AFRIQUE: des sanctions ciblées contre toute personne ou toute autorité qui va détourner des fonds alloués à la lutte contre le covid-19

Antonio_Guteres

Des appels ont été lancés pour que les Nations Unies, les États-Unis et l’Union européenne assouplissent les sanctions dans le monde à la suite de la pandémie de COVID-19. Le président Congolais Félix Tshisekedi a appelé en février 2019 l’Union Européenne à lever les sanctions individuelles qui pèsent sur certaines personnalités publiques en RDC.

Cependant, tous ces appels à la levée  complète des sanctions ne tiennent pas compte des objectifs pour lesquels ces sanctions ont été émises. Des programmes de sanctions ‘totales” ou “générales ”contre des pays comme la Corée du Nord et l’Iran diffèrent considérablement des “sanctions ciblées des réseaux “dans des pays comme le Soudan du Sud et la République démocratique du Congo (RDC). Des sanctions  “générales” sont conçues pour contraindre les économies entières à exercer des pressions sur les régimes. Par contre des”  sanctions ciblées” contre les réseaux sont destinées aux responsables gouvernementaux corrompus, leurs réseaux commerciaux et y compris leurs collaborateurs internationaux.



Dans des pays comme la RDC et le Soudan du Sud, les sanctions ciblées des réseaux ne nuiront  pas aux efforts de lutte contre COVID-19.

En fait, le maintien ou même le renforcement  de certaines mesures de sanctions ciblées pourraient dissuader quiconque voudrait détourner des ressources destinées à lutter contre le Covid-19 à des fins personnelles.

En Afrique orientale et centrale, la corruption systématique est déjà  l’un des principaux moteurs des conflits et des crises humanitaires. L’aide étrangère et les fonds alloués aux services de santé  sont systématiquement détournés par les élites dirigeantes et leurs réseaux au lieu de bénéficier aux populations auxquelles ils sont destinés. Par exemple, en mars, un ancien ministre de la Santé du gouvernement de la RDC a été condamné pour détournement de plus de 4 millions dollars destinés à lutter contre l’épidémie d’Ebola.
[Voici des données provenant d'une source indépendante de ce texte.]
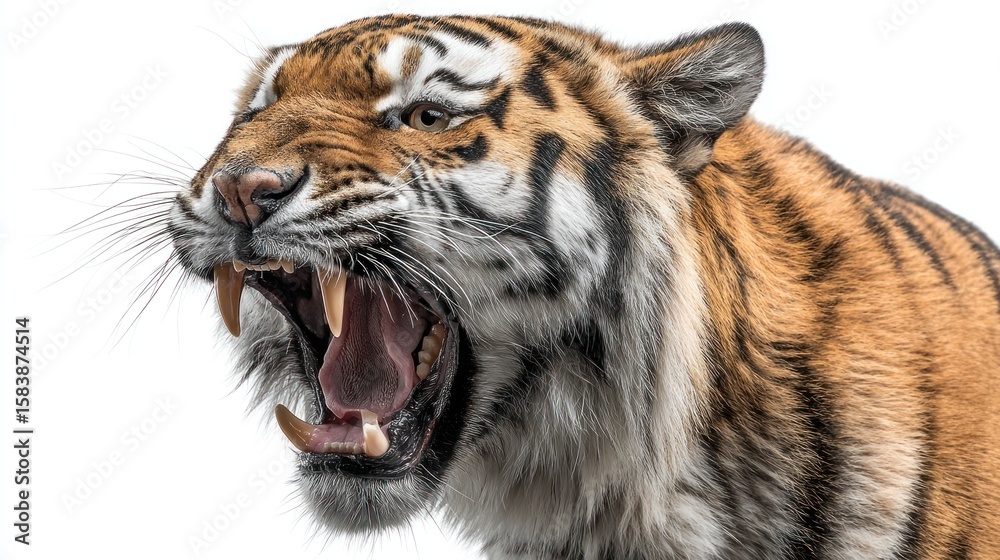 Fototapeta premium Tiger's fierce roar. Close-up head shot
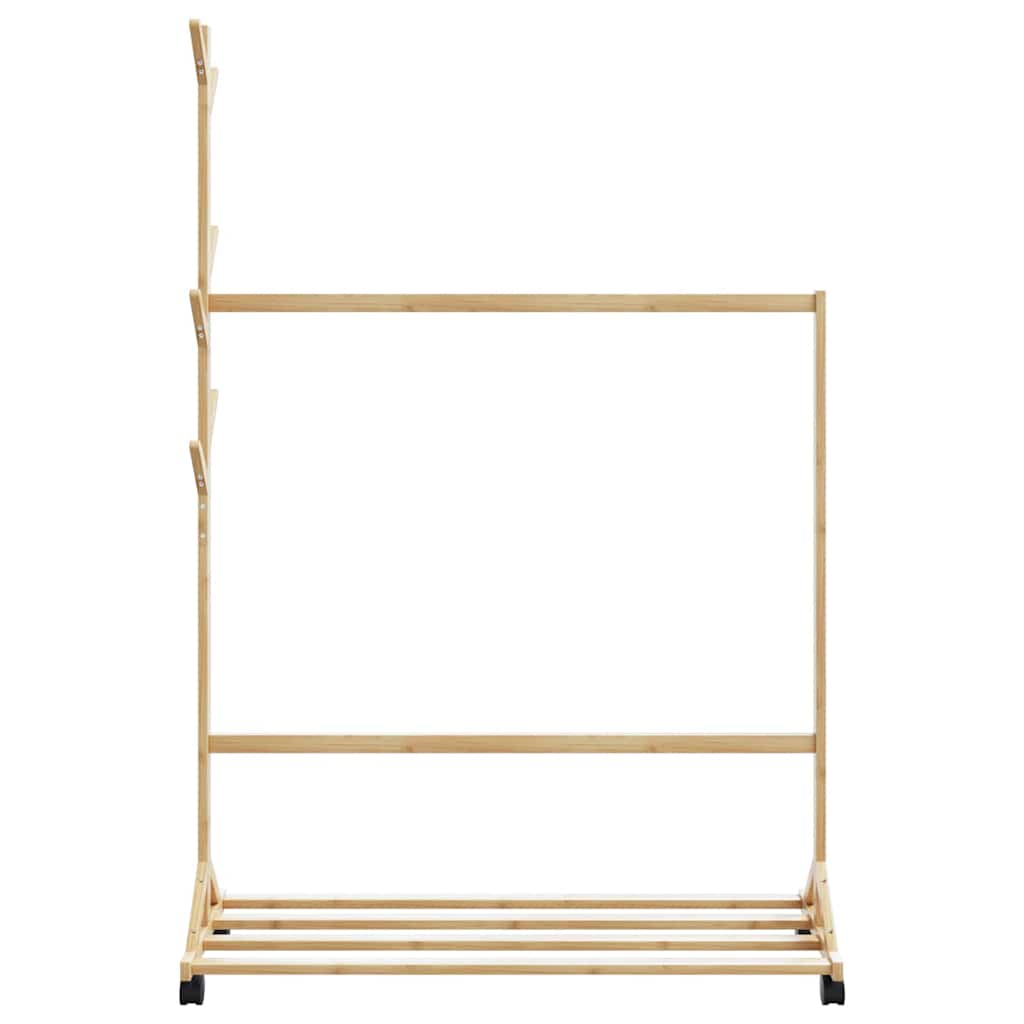 Kleiderständer Mit Haken Und Rollen 100X35X157 Cm Bambus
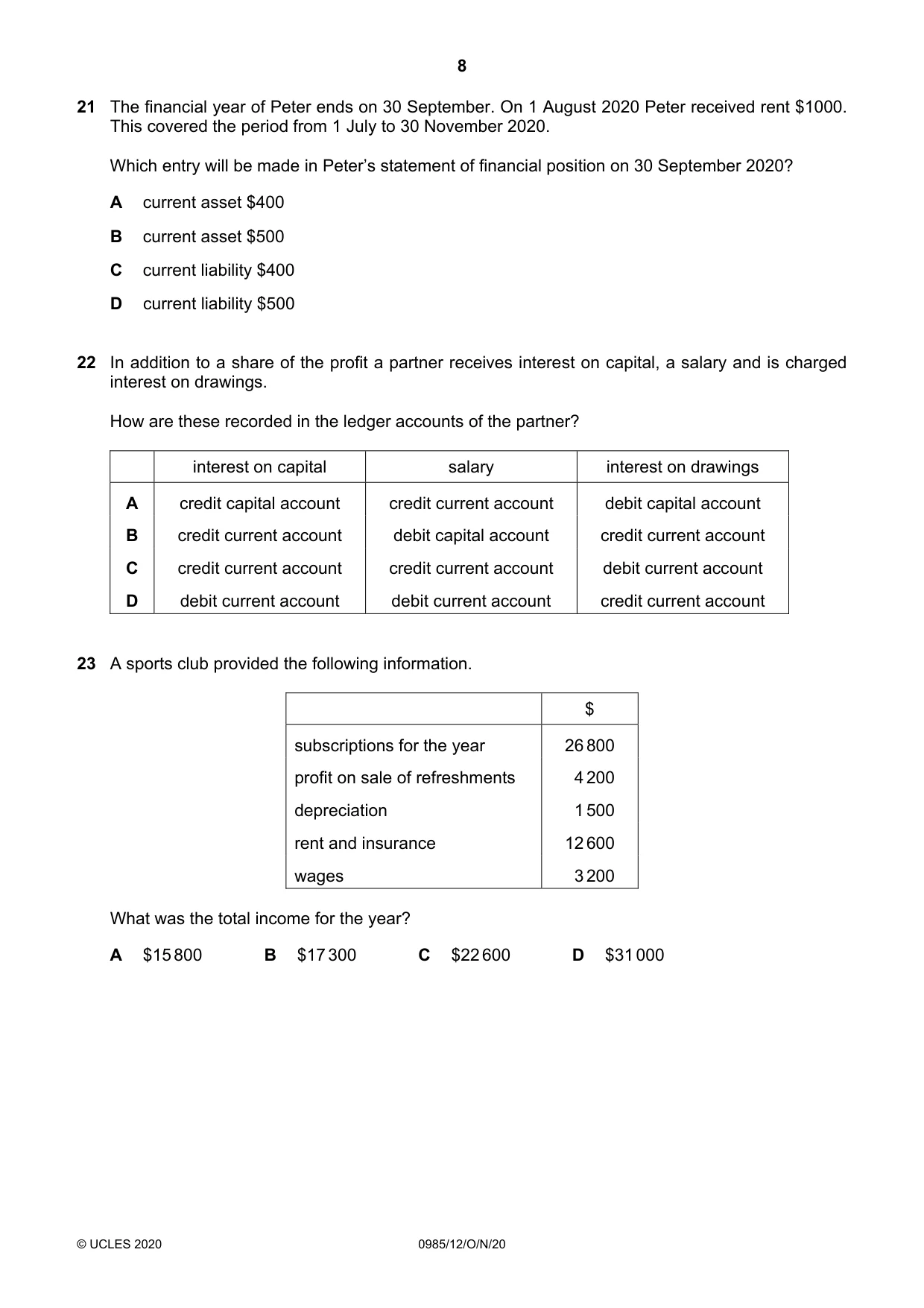 Cambridge IGCSE Accounting (9-1) 0985 2020 Oct/Nov Paper 1 · Variant 2 question paper, page 8 of 12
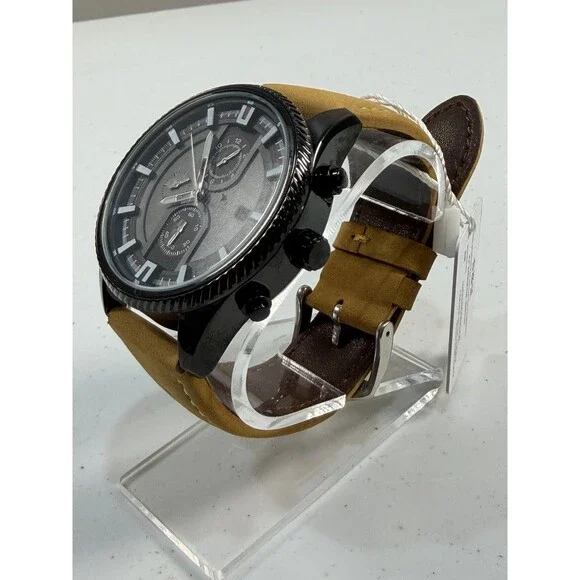 Automatic Mechanical Men’s Watch 44mm Black Case Brown Leather Strap New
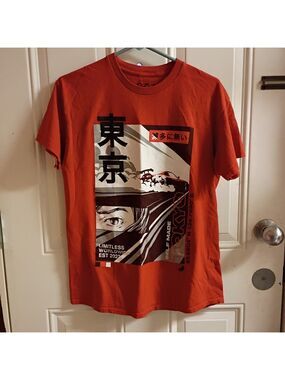 2/$10 Men's Popular Poison Graphic Tokyo Print Red Tee Medium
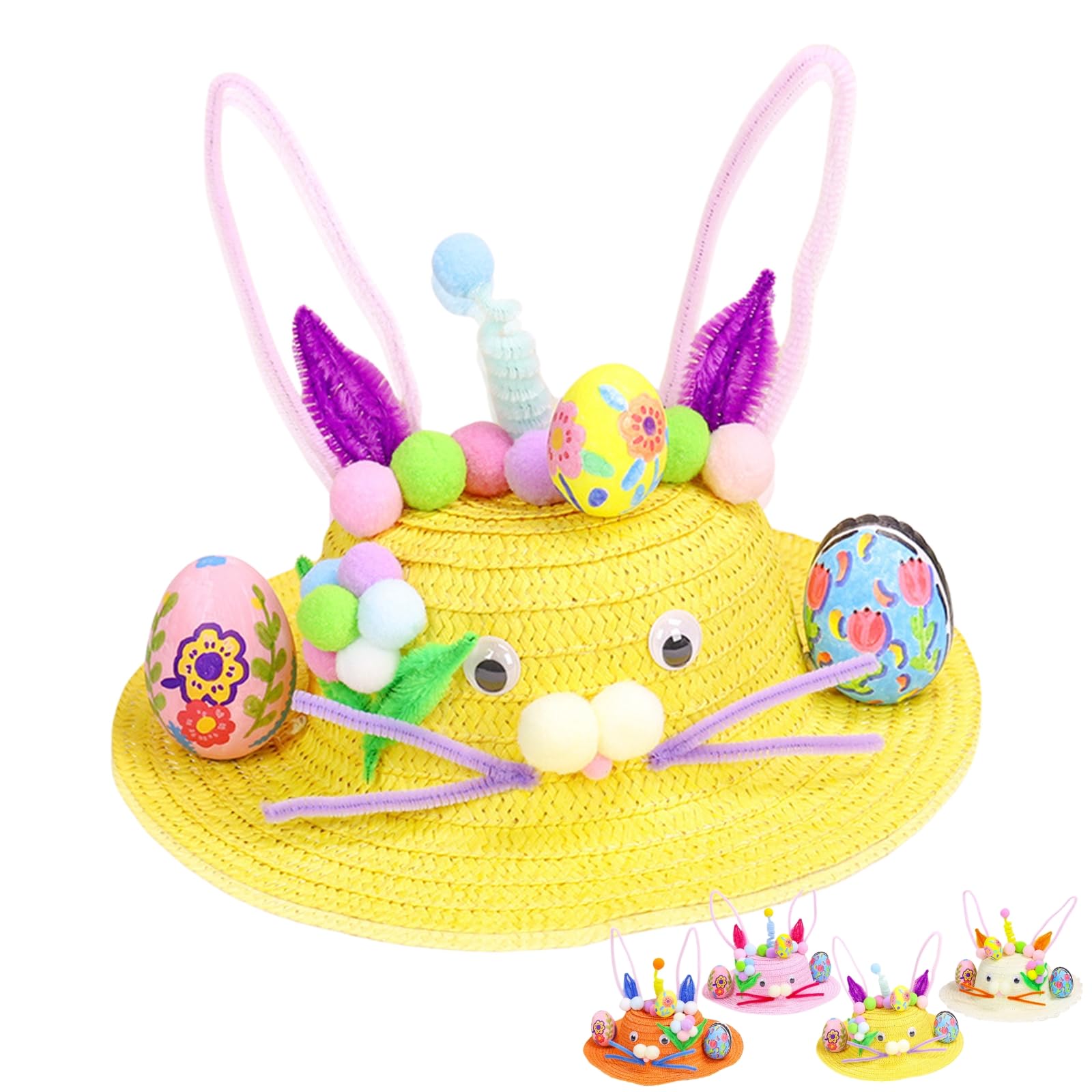 Easter Hat Making Kit Creative Bonnet Hat for Kids,Handmade Funny Easter Hat for Easter Children's Craft,Easter Bonnet Kit Make Your Own Bonnet Hat,Chicks Eggs Decorations Kit for Easter Party Favors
Le ministre Oly Ilunga et son conseiller financier ont contrefait des reçus et utilisé une fausse entreprise pour détourner les fonds d’urgence. La pandémie Covid-19 vient encore réveiller la nécessité  de veiller à ce que l’argent destiné aux services de santé ne soit pas la proie de la corruption.

Les pays africains ont besoin d’une aide d’urgence internationale sous forme de médicaments, d’équipements de protection individuelle, de kits de test, de ventilateurs, d’aide alimentaire et d’autres ressources vitales et cette assistance ne doit pas être détournée ou retardée par des acteurs corrompus. Les pressions financières visant  les réseaux qui détournent les deniers publics peuvent avoir un effet dissuasif crucial sur le pillage systématique qui, s’il n’est pas contrôlé, sapera inévitablement les efforts visant à fournir des services et des fournitures vitales pour lutter contre l’épidémie de COVID-19.